O mais assustador é que o Brasil é dono de 37 milhões de contas Internet Banking. Em 2012, as transações online representaram 39% do total de transações do mercado, sendo hoje o canal preferencial de uso, seguido do ATM com 25%.
Diante deste cenário, João Vianey Xavier Filho, chefe do Serviço de Repressão a Crimes Cibernéticos, expõe aos participantes do IT Forum Expo/Black Hat o projeto Tentáculos da Polícia Federal.
“Com foco em fraudes eletrônicas, venda de medicamentos e crimes de alta tecnologia criou-se a Base Nacional de Fraudes Bancárias Eletrônicas, avaliada por um grupo permanente de análise, que é alimentada com dados dos bancos públicos e da Febraban”, revela.
A partir da unificação, a Polícia Federal pode identificar a atuação de quadrilhas em vários estados, gerando inquéritos unificados. A base começou a ser alimentada em 2008 pela Caixa Econômica e em 2009 pela Febraban. “Hoje temos dez grupos regionais de combate instalados no Maranhão, Ceará e São Paulo.”
No período de 2001 e 2009 foram feitas 1.044 prisões em diversos estados, e até 2008 a Polícia Federal tinha cerca de 16 mil inquéritos para esse tipo de crime, a maioria deles da Caixa Econômica Federal. “Apesar de termos feito mais de mil prisões o prejuízo financeiro continuava crescendo”, revela o delegado ao apontar que hoje já é notória a reviravolta e uma melhora ano a ano.

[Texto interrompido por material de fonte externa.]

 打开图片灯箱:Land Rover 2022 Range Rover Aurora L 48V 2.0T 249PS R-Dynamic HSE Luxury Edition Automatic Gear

Enquanto o Tentáculo continua a evoluir, outro projeto, nomeado de Oráculo, está em planejamento, juntamente com uma ferramenta de BI (Business Intelligence), que será utilizada para analisar as informações recebidas dos bancos. Até aqui, o projeto Tentáculo gerou 240 relatórios e detalhes sobre cerca de 30 mil fraudes.
De acordo com Vianey, até o início da Copa do Mundo de 2014, a Polícia Federal quer colocar em operação este novo projeto, com o objetivo de rastrear e continuar a inibir crimes cibernéticos. O Oráculo vai aplicar às fraudes eletrônicas os mesmos princípios adotados pelo projeto Tentáculos contra fraudes bancárias online. “A Copa do Mundo e as Olimpíadas estão vindo aí, além de nossas atividades de dia a dia vamos ter um chamariz enorme que pode gerar inconvenientes críticos, por isso centralizar ambientes de rede é outro desejo”, revela. A necessidade de centralização de dados é inevitável para dar mais eficiência à investigação, segundo o delegado.

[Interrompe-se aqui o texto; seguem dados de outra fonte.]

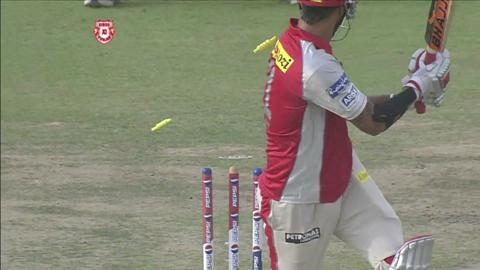 M20: KXIP vs KKR – Manpreet Gony Wicket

A concentração de eventos de grande porte abre a possibilidade de ataques de negação de serviços, invasões, ataques de defacement, malwares, botnets e, principalmente, ataques a sistemas críticos. Daí a intenção de expandir a atuação da PF para além das fraudes bancárias.

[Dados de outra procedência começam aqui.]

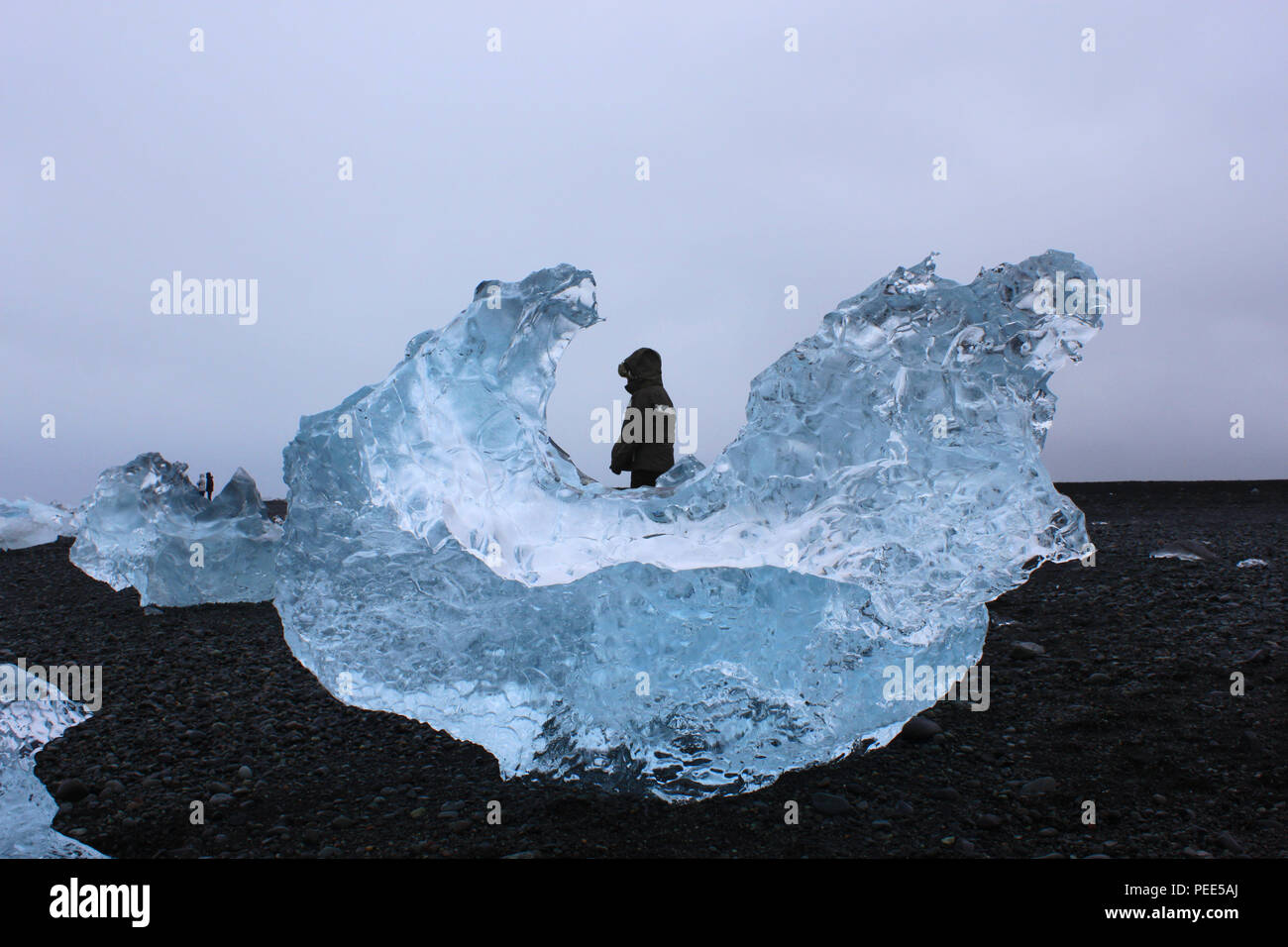 Silhouette durch Eisberge auf Diamond Beach, Island. Stockfoto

Crimes cibernéticos mais comuns

Os crimes cibernéticos crescem em proporção diretamente relacionada a evolução e a inclusão digital. Assim, os mais comuns cometidos através da internet são:
- furto em contas bancárias com internet banking;
- pornografia infantil;
- crimes de ódio;
- crimes contra a honra;
- ameaça;
- venda de produtos ilegais e outros.